With retailers wooing you with new launches and tempting deals, we are sure you have your shopping lists ready this festive season. And, with the Diwali bonus in the bank account, you must be having a hard time listing out essentials from non-essentials.
With no clear strategy in mind, people often end up buying things which lose usability sooner than expected. Festive bonuses are often treated as an added bonanza and viewed differently from income and savings.
We recommend you avoid such mental accounting and have goals set, irrespective of the source of the money. Here are a few things you can do with your spare money.
Get a term cover of Rs. 1 crore
If you’re a 30-year-old earning Rs 500,000 annually, you may be eligible for a life term cover of Rs 1 crore at an annual premium around Rs 11,000. A term plan is different from an investment-linked endowment plan that may offer you conservative returns along with a life cover that may not be enough to secure the long-term finances of your dependents. A sizeable term plan, however, can do that. If you have dependents, you should certainly have a term cover. Buying it when you’re young makes most sense, for this would ensure lower premiums.

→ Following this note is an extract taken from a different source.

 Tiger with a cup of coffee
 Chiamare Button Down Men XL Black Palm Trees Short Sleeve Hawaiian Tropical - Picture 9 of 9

Invest in gold…without buying gold
Gold is the traditional favourite at this time of the year. But did you know you could invest in gold without buying coins, biscuits, jewellery, etc? Physical gold necessitates safe storage and also brings concerns over purity. If you’re looking to buy gold as investment and don’t care about wearing it, you could consider the Sovereign Gold Bond, gold exchange traded funds and gold mutual funds. These three investments can be held in demat form and are linked with gold prices. The SGB and ETFs are sold in units where one unit equals the price of one gram of gold. The SGB is a long-term investment with a maturity period of eight years. ETFs and mutual funds though can be bought and sold in any quantity at any point in time.
Reduce your loans
A little payment towards your loans goes a long way in saving for the long-term. If you are servicing credit card debts, use your Diwali bonus to reduce the debt balance to the highest possible limit. Credit card interest (annualised at anywhere between 20-40 per cent) is very expensive. If not dealt with quickly, it could grow out of proportions and drain your wealth. A Diwali bonus may not be enough to make pre-payments on home loans, on which banks may typically seek a pre-payment equal to the size of one EMI. However, if you can make such a large payment, do consider it strongly. Let’s assume you are servicing a home loan of Rs 30 lakh at an interest rate of 9.5 per cent for 20 years. Assume you’ve paid 24 EMIs, each about Rs. 28,000. If you made a pre-payment of Rs 28,000 along with your 25th EMI, it would reduce your loan tenor by five months, implying savings of nearly Rs 150,000. Pre-paying Rs 100,000 at the same juncture would reduce your loan tenor by 18 EMIs, implying savings of Rs 500,000.
Get a health cover of Rs 5 lakh
Many of us are reluctant to buy health covers since we may find the premium costs prohibitive. However, health covers is an absolute must-have, and under no circumstance should you risk going a day without one. This is because hospitalisation costs can be far more expensive than premium costs will ever be. A 30-year-old can buy a health cover for Rs 5 lakh for premiums around Rs 4500. He can include his spouse and one child in a family floater plan which would cost just Rs 8500. This compares favourably with having to spend lakhs of rupees on hospitalisation out of your own pocket. A Diwali bonus presents the opportunity for you to get this essential protective element for your family.
Invest your bonus
While the urge to splurge during a festive season is high, do strongly consider the possibility of doing the opposite: investing your bonus for the long term. There are tonnes of great options in which to park your money. A bonus may just be the right amount to purchase stocks or lump-sum mutual funds. If you’re looking for conservative, long-term investment options that offer not just tax deductions but also tax-free returns, consider PPF, Kisan Vikas Patra, National Savings Certificates. If you don’t want any of these options, consider locking up the money in a fixed deposit.